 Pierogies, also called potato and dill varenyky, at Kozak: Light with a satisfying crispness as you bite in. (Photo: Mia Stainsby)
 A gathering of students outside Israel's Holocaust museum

-- -- --

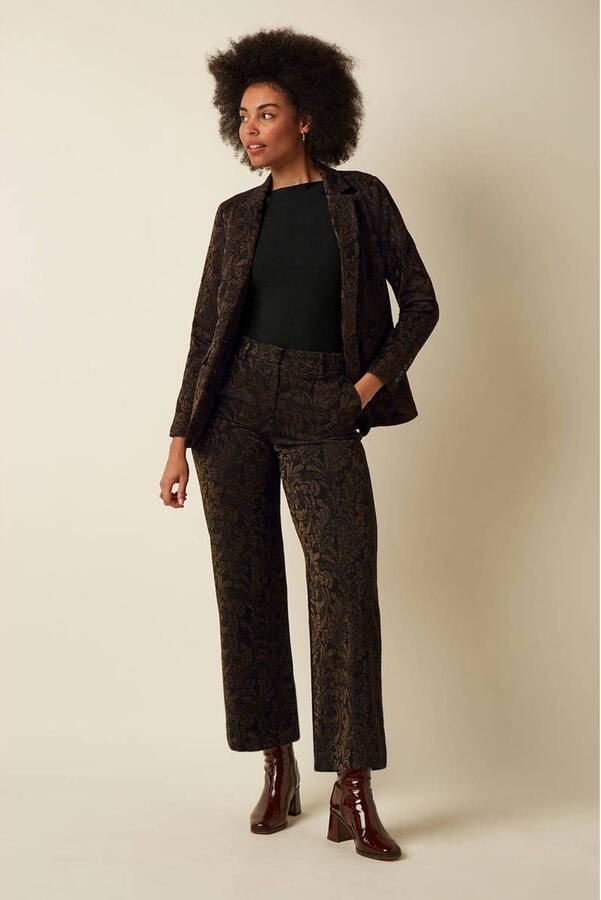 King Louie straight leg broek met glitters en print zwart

-- -- --

Exercise brief ▸
Above are the records; from them, give again exactly the lines from the one containing "Pierogies, also called" to the one containing "A gathering of", both lines included, and nothing more.

Written solution ▸
 Pierogies, also called potato and dill varenyky, at Kozak: Light with a satisfying crispness as you bite in. (Photo: Mia Stainsby)
 A gathering of students outside Israel's Holocaust museum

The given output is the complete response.